All three follow each other in a perpetual motion until all three collapse from sheer exhaustion brought on by mathematical impossibility.
I must also mention the unfortunate and desperate souls that pawned off their jewellery in Europe to the thousands of pawn shops that sprouted everywhere. They did not buy a solution, they only bought time which has now run out as well.
We are nearing the days when ownership will no longer be a concept but a memory. We are quickly losing ownership of our political processes, our privacy, our homes, our jobs, our savings (through confiscation and zero interest) and even our right to the truth which is constantly hidden or twisted by those that have an interest in pushing us down the drain.
Buying gold and silver is an act of defiance against those things and those people that have already turned the economic scene into a wasteland. Bernard von NotHaus may be awaiting sentencing for supposedly "counterfeiting" the US dollar but no one is asking the question why is his coinage now worth more than the dollar he supposedly counterfeited. Since when are counterfeit coins worth more than the "real dollar"?

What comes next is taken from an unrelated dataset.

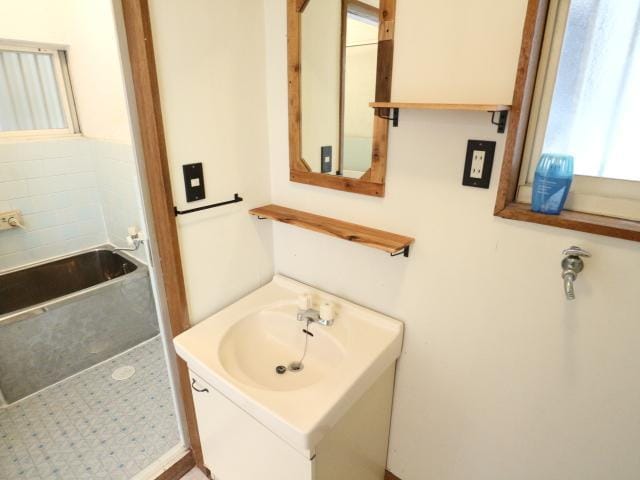  桜井線<万葉まほろば線>/京終駅 徒歩17分 1-2階 築36年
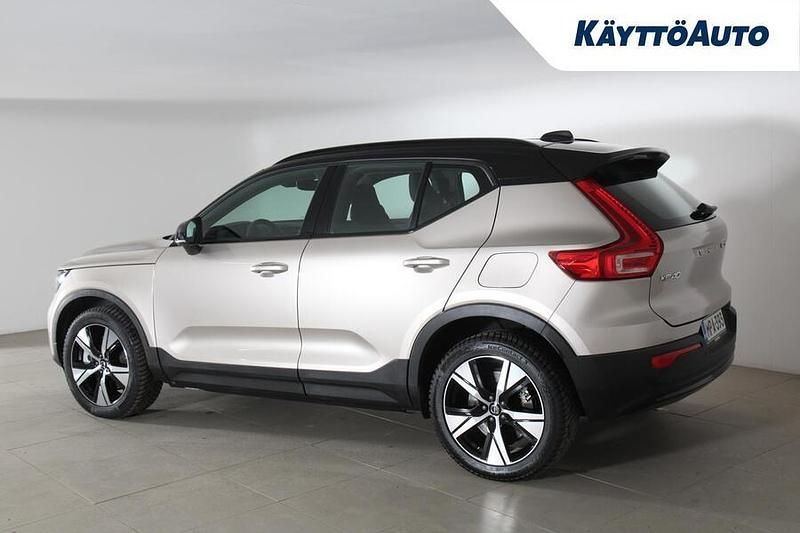 Käytetty Volvo XC40 Core 169 kW (231 HP) 2023 Bright dusk Katumaasturi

Yes, Bernard von NotHaus may not be a saint but how is he to be compared with the loonies that were seriously propounding and discussing the issue of a trillion dollar coin to get around the debt ceiling impasse?
China has $3.3 trillion in foreign reserves but this does not take into account that when dollars are paid for imported gold, the level of foreign reserves actually falls even though you are importing the best form of money in return for worthless paper. If China has imported 4000 tonnes of gold since it last announced its gold holdings, it has in fact total reserves that are understated by over $200 billion.
Turkey is another enigma. In November 2013 a report in the news stated that:
"One of the strangest recent developments in Turkey has been gold sales to Iran, which have soared, so helping improve the country’s trade and balance of payments figures.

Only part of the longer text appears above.